With less than one year in the new College Football Playoff system, coaches and at least one commissioner are already breaking ranks and not fully supporting the new setup.

According to ESPN’s Brett McMurphy, 44 percent of 103 coaches who participated in a poll preferred an eight-team playoff structure. Only 29 percent preferred the current setup. While 17 percent want to expand the playoff to 16 teams.

“Most of the coaches who want an eight-team playoff believe it should consist of the conference champions from the Power 5 leagues plus the next three highest-ranked at-large teams, or the top-ranked Group of 5 champion and the two highest-ranked at-large teams,” McMurphy reported.

The poll comes on the heels of ACC commissioner John Swofford saying teams -- and, by extension, conferences -- will be unhappy once the final playoff rankings are released.

“I don’t think all the controversy’s going to go away,” Swofford told The Herald-Sun. “You have four teams that get a chance to play for the national championship, which is twice as many as before, but whoever’s fifth or sixth is not going to be happy. There will be some conferences that won’t have a team in the playoff.”

Commissioners are already preparing for the possibility of not having a team among college football’s final four.
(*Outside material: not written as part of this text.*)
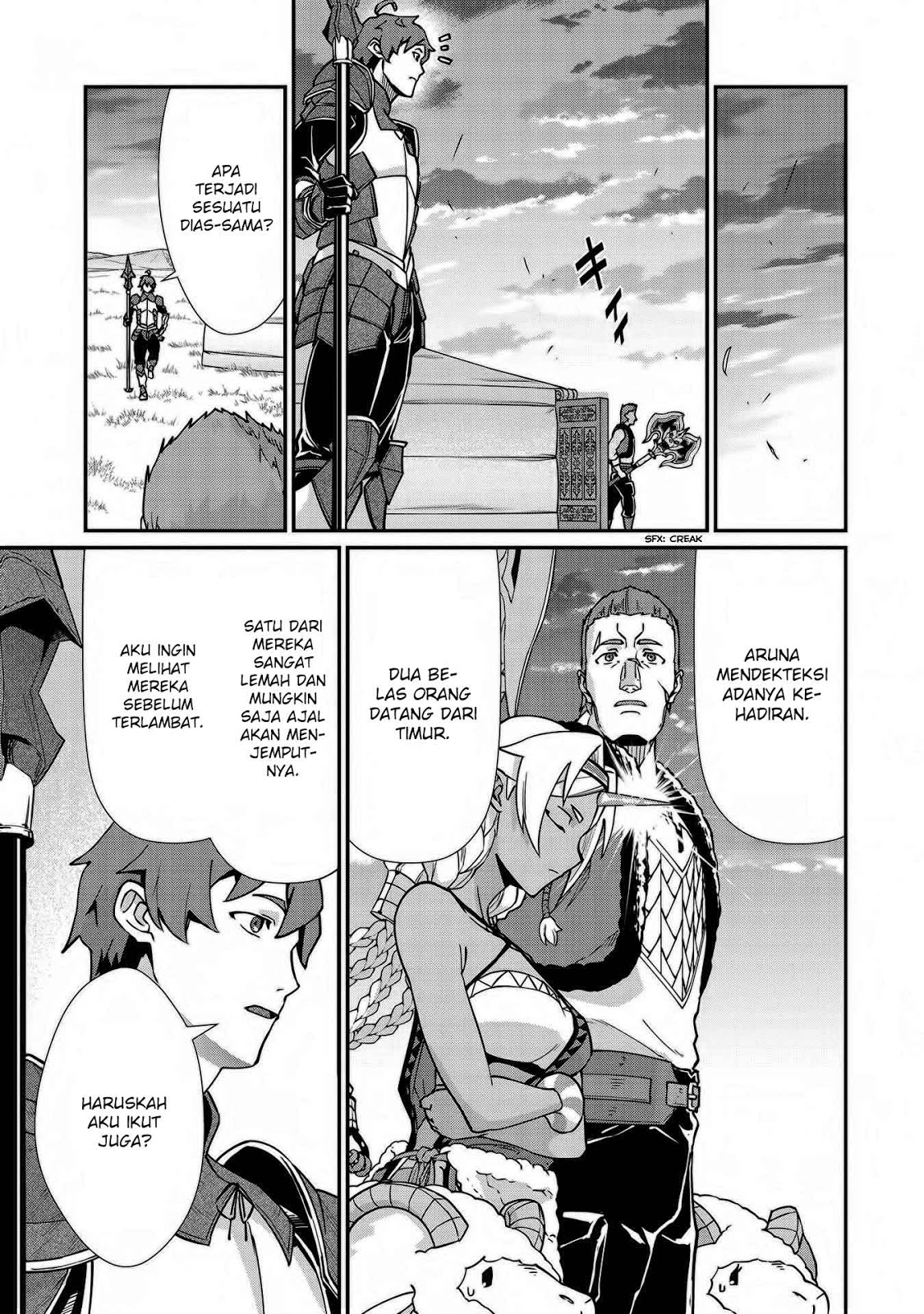 Ryoumin 0-nin Start no Henkyou Ryoushusama Chapter 06 Gambar 19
Currently, the Big Ten and Big 12 Conferences would be left out of the mix based on the current rankings.

However, change isn’t expected any time soon. The current agreement for a four-team playoff is in place for the next 12 years, and College Football Playoff executive director Bill Hancock said that “there has been no discussion of expanding.”

Even though Swofford views an eight-team playoff as “ideal” and the majority of coaches currently support that notion, it’s not going to happen any time soon.